PROBLEM TO SOLVE => Would you write out, word for word, each line of the records below from the top through the one holding "- Sourdough T-Shirt"?

RECORDS TO USE =>

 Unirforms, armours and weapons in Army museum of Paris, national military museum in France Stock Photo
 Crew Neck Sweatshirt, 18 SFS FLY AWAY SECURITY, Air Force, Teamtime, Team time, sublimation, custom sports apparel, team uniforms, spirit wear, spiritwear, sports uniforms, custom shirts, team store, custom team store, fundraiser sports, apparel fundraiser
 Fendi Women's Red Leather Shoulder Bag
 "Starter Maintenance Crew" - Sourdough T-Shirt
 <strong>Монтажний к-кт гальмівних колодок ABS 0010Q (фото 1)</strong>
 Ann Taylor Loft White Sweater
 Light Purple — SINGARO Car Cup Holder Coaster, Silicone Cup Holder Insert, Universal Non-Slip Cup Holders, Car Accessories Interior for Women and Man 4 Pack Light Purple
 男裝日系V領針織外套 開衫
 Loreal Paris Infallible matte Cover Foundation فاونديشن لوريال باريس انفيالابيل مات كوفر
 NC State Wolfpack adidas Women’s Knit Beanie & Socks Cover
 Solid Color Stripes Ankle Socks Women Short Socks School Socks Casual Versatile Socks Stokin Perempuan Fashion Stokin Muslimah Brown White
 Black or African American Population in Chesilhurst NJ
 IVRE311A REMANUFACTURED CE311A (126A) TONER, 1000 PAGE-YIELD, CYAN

RESPONSE =>
 Unirforms, armours and weapons in Army museum of Paris, national military museum in France Stock Photo
 Crew Neck Sweatshirt, 18 SFS FLY AWAY SECURITY, Air Force, Teamtime, Team time, sublimation, custom sports apparel, team uniforms, spirit wear, spiritwear, sports uniforms, custom shirts, team store, custom team store, fundraiser sports, apparel fundraiser
 Fendi Women's Red Leather Shoulder Bag
 "Starter Maintenance Crew" - Sourdough T-Shirt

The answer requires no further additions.